----- Data in this exercise

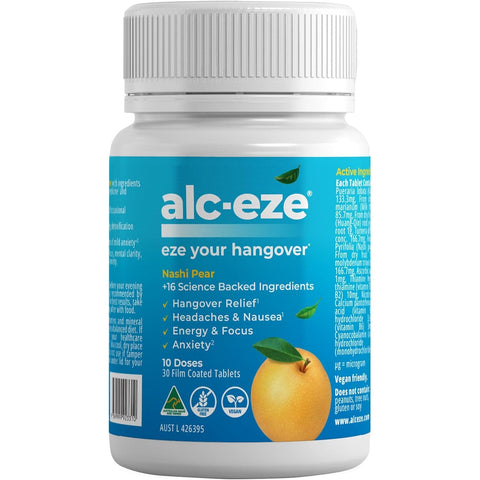 Alc-eze Eze Your Hangover 30 Tablets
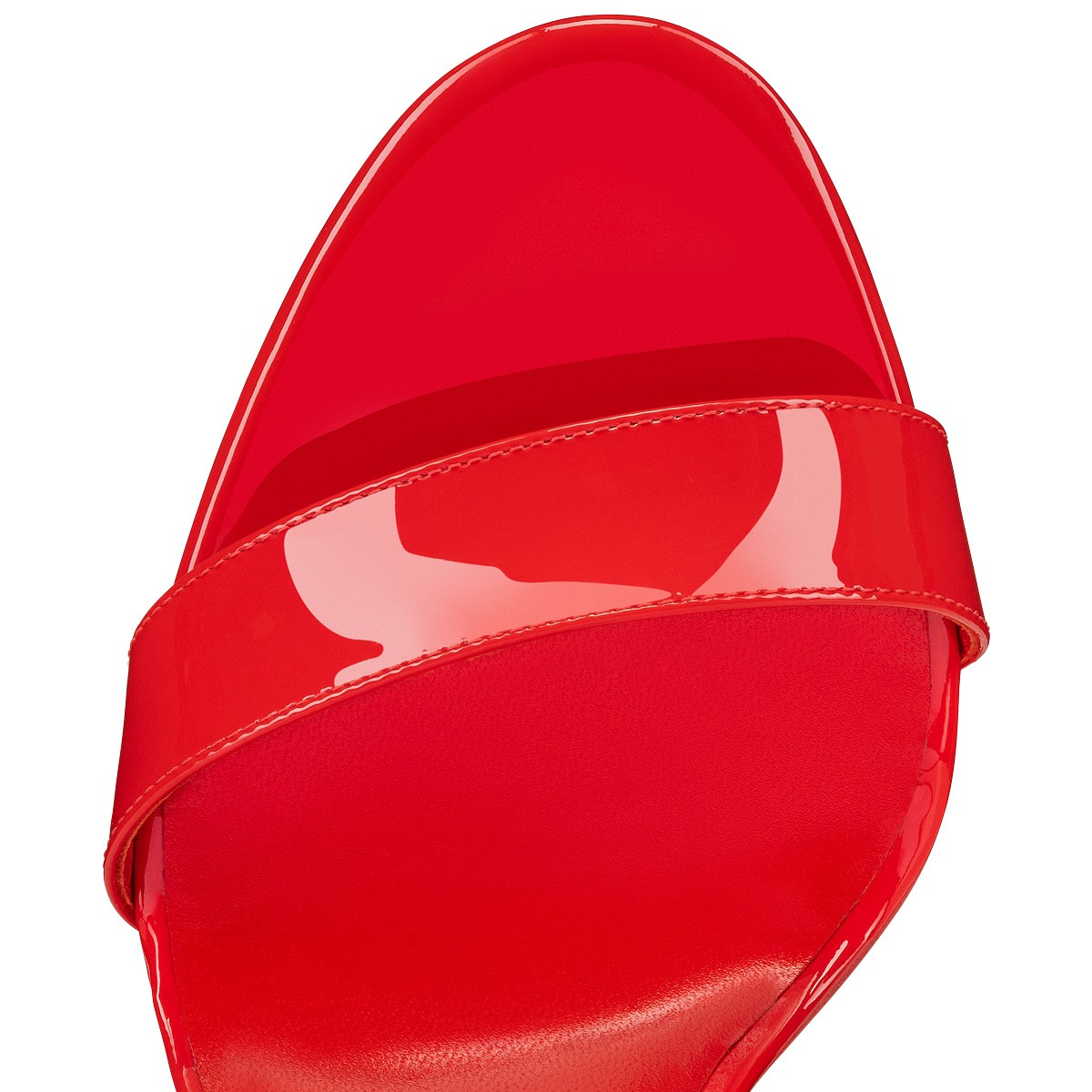 Lipgloss Queen 100 mm Red Satin Sandals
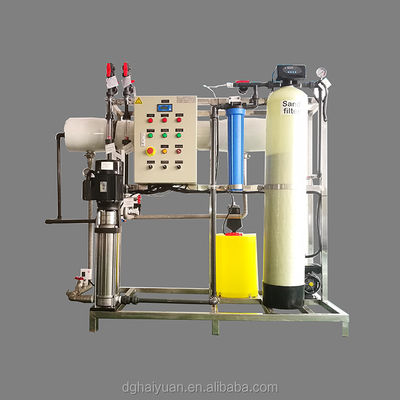máquina pura automática da água, água potável refinada para o alimento/fábrica da bebida, planta do ro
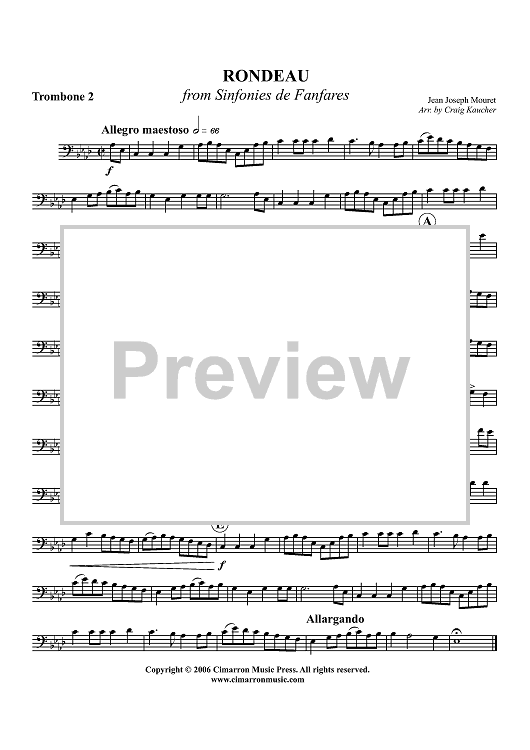 Rondeau - Trombone 2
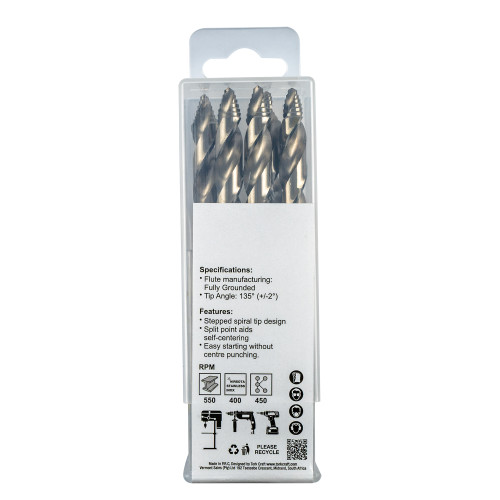 PRECISION-MAX STEP POINT 10.0MM HSS DRIL 10 PACK PRECISION-MAX STEP POINT 10.0MM HSS DRIL 10 PACK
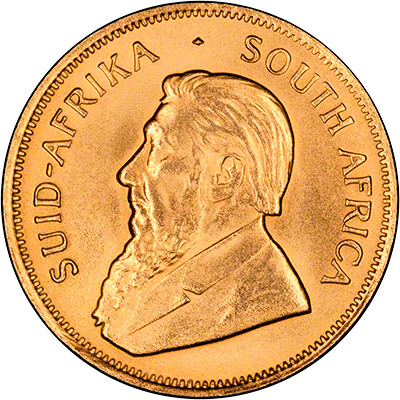 Obverse of 1984 Half Ounce Gold Krugerrand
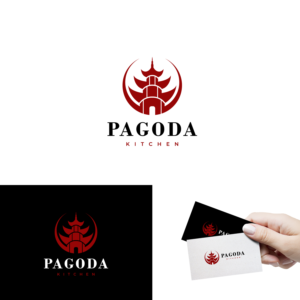 Pagoda (as the main word) Kitchen (as a tagline, so smaller and less prominent) | Logo Design by ICKE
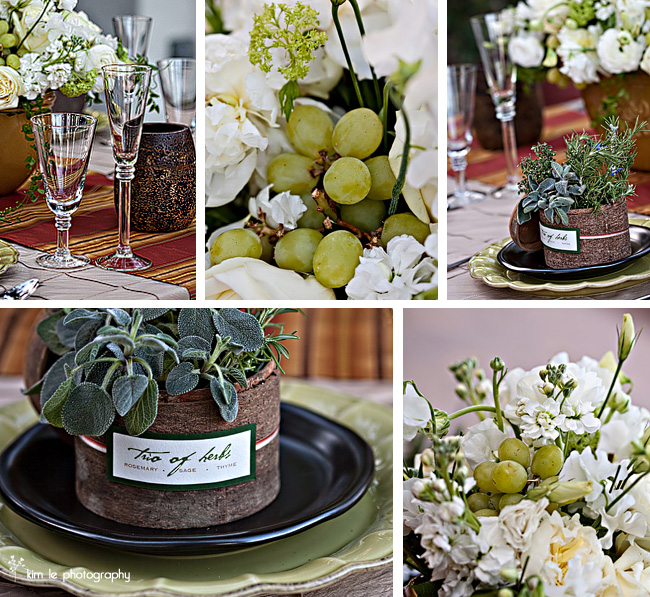 in the now weddings tablescapes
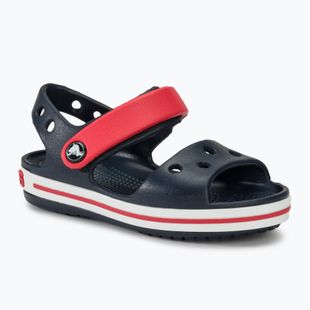 Crocs Crockband Bambini Sandalo navy/rosso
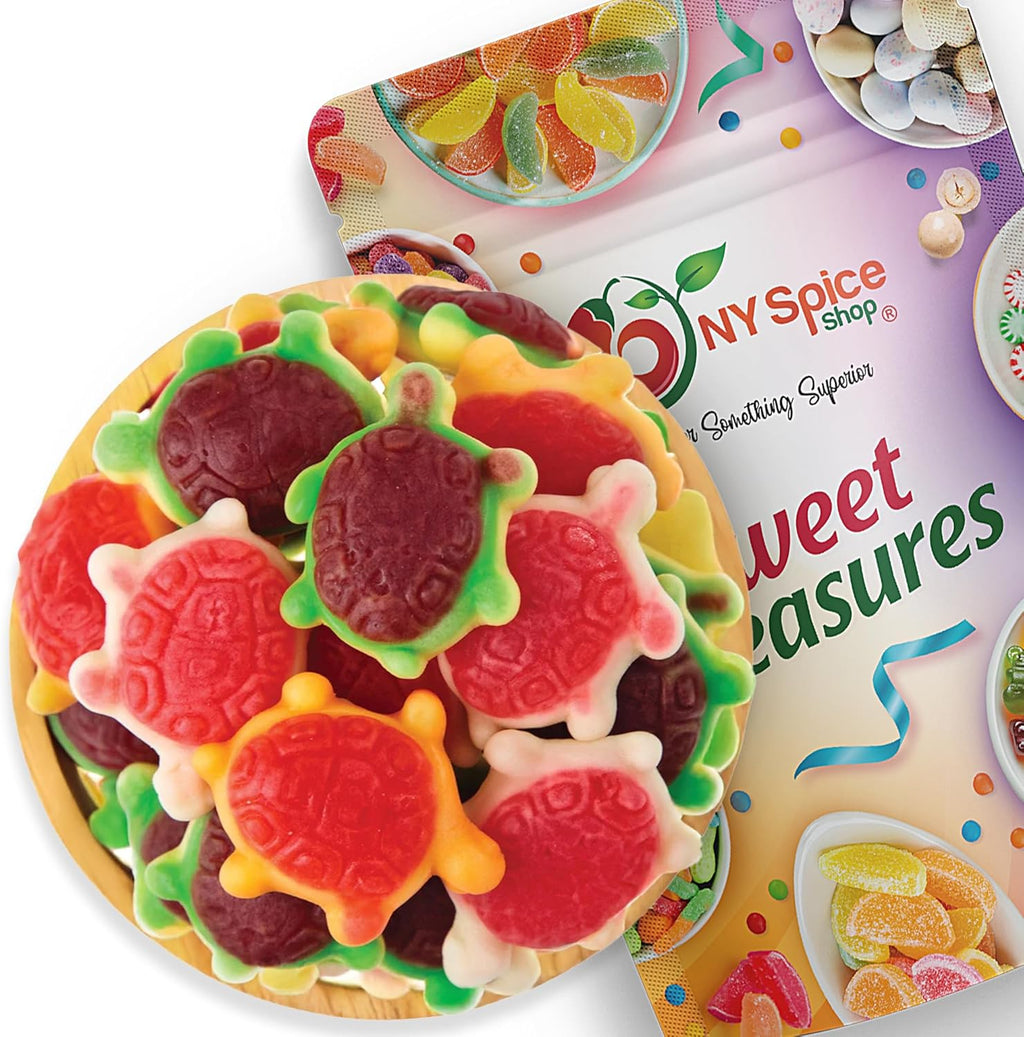 NY Spice Shop Turtle Gummy Candy - 1 Pound Turtle Gummies Candies - Gummy Snacks Turtle Jelly Candy Bulk Ideal for Party Decoration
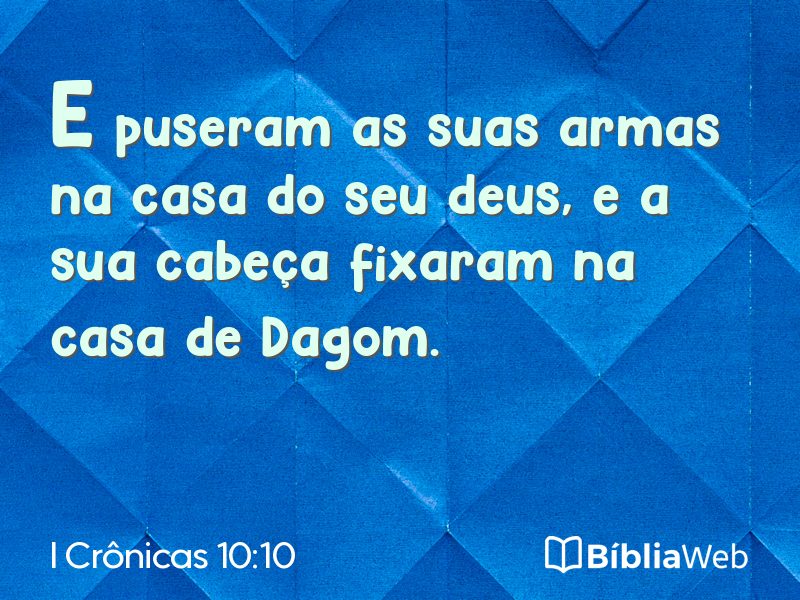 I Crônicas 10:10 em imagem para compartilhar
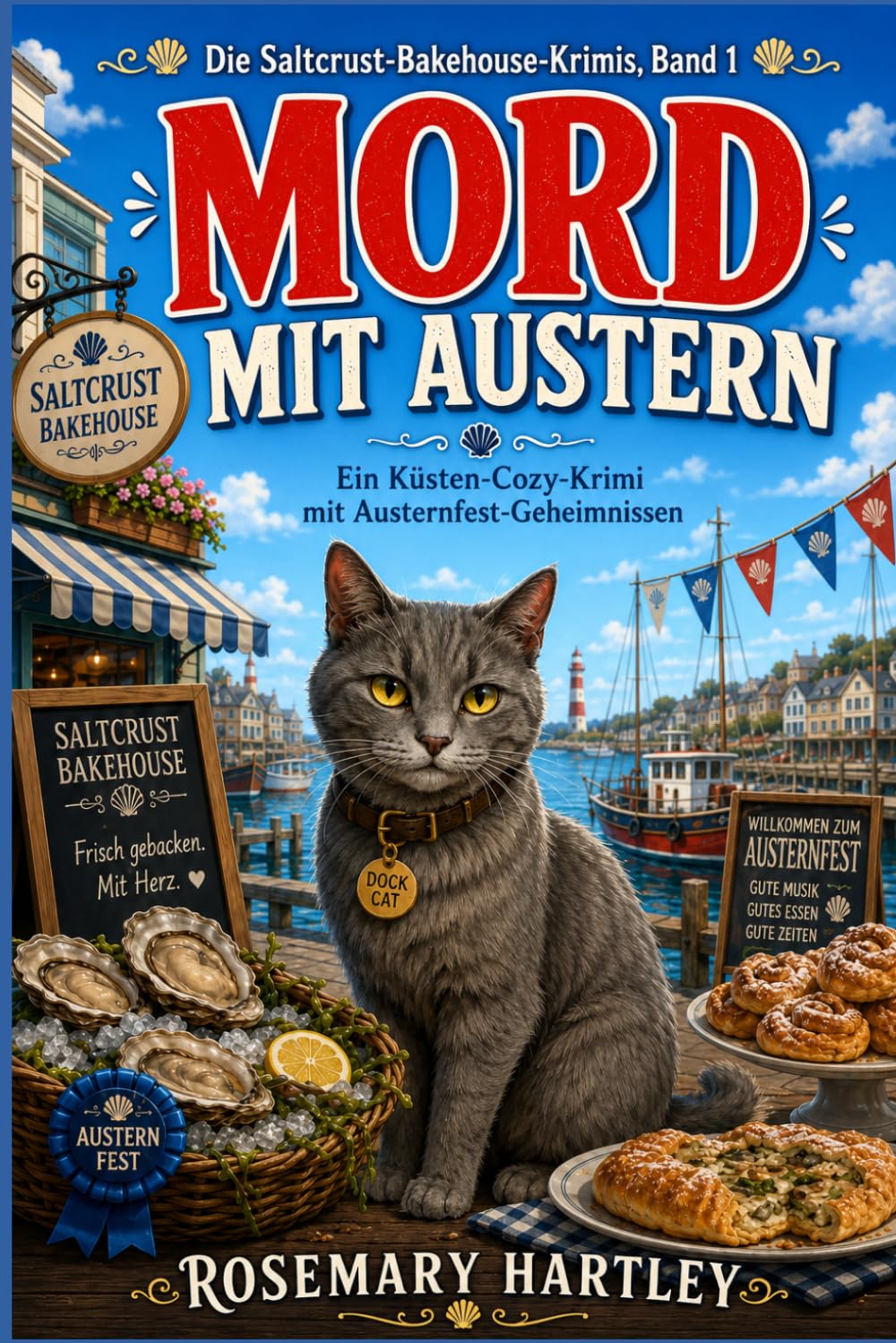 Mord mit Austern: Ein Küsten-Cozy-Krimi mit Austernfest-Geheimnissen (Die Saltcrust-Bakehouse-Krimis)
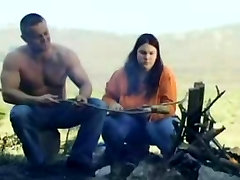 Horny Fat BBW gee hole fucking and eating on the woods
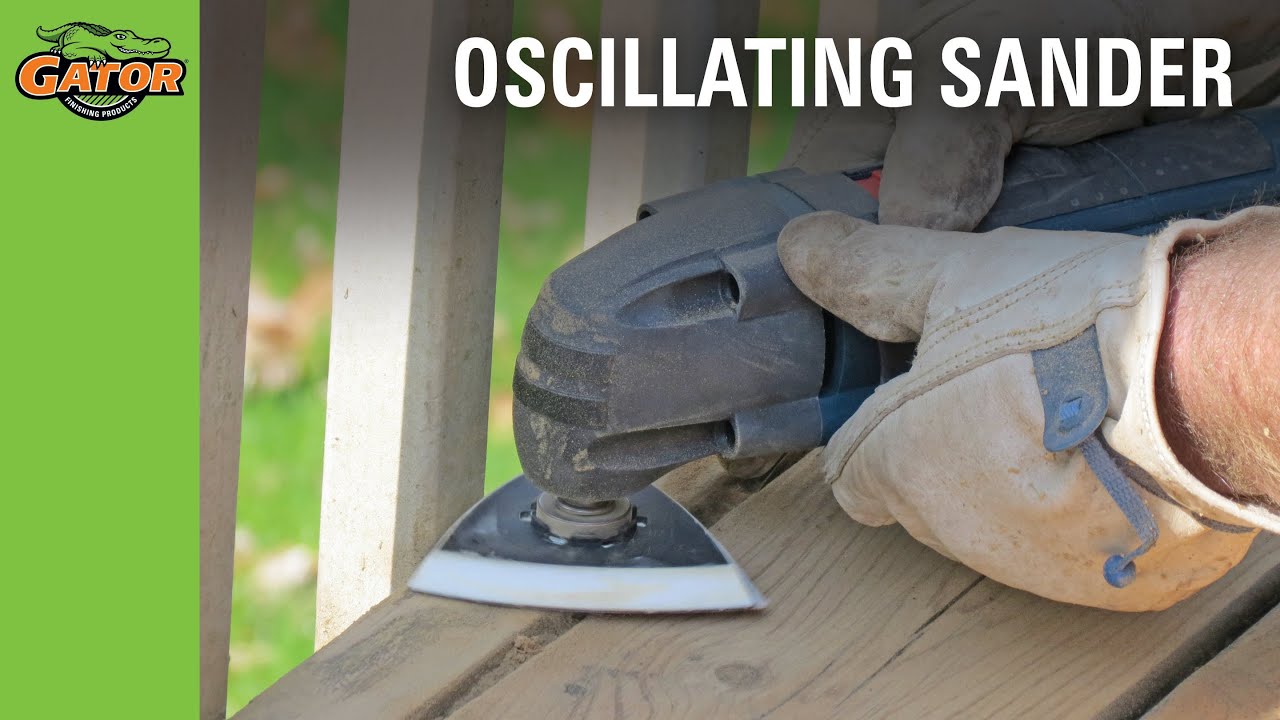 Sanding Tight Spaces with Oscillating Sanding Tool 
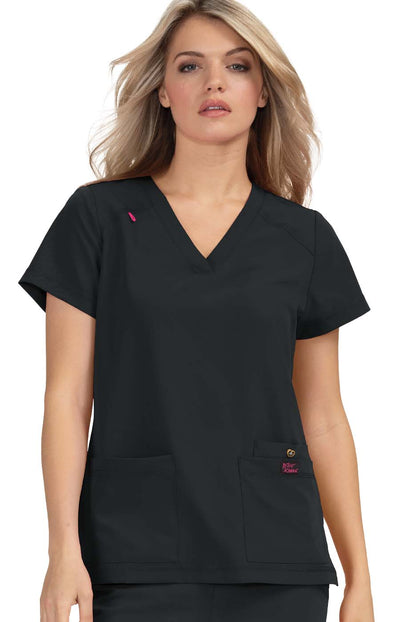 B101 Betsey Johnson Freesia Women's 3-Pocket Scrub Top (XXS - 3XL)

----------

**Task description**
For every entry, return its exact wording and leave out any image.

**Output for this exercise**
 Alc-eze Eze Your Hangover 30 Tablets
 Lipgloss Queen 100 mm Red Satin Sandals
máquina pura automática da água, água potável refinada para o alimento/fábrica da bebida, planta do ro
 Rondeau - Trombone 2
 PRECISION-MAX STEP POINT 10.0MM HSS DRIL 10 PACK PRECISION-MAX STEP POINT 10.0MM HSS DRIL 10 PACK
 Obverse of 1984 Half Ounce Gold Krugerrand
 Pagoda (as the main word) Kitchen (as a tagline, so smaller and less prominent) | Logo Design by ICKE
 in the now weddings tablescapes
 Crocs Crockband Bambini Sandalo navy/rosso
 NY Spice Shop Turtle Gummy Candy - 1 Pound Turtle Gummies Candies - Gummy Snacks Turtle Jelly Candy Bulk Ideal for Party Decoration
 I Crônicas 10:10 em imagem para compartilhar
 Mord mit Austern: Ein Küsten-Cozy-Krimi mit Austernfest-Geheimnissen (Die Saltcrust-Bakehouse-Krimis)
 Horny Fat BBW gee hole fucking and eating on the woods
 Sanding Tight Spaces with Oscillating Sanding Tool 
 B101 Betsey Johnson Freesia Women's 3-Pocket Scrub Top (XXS - 3XL)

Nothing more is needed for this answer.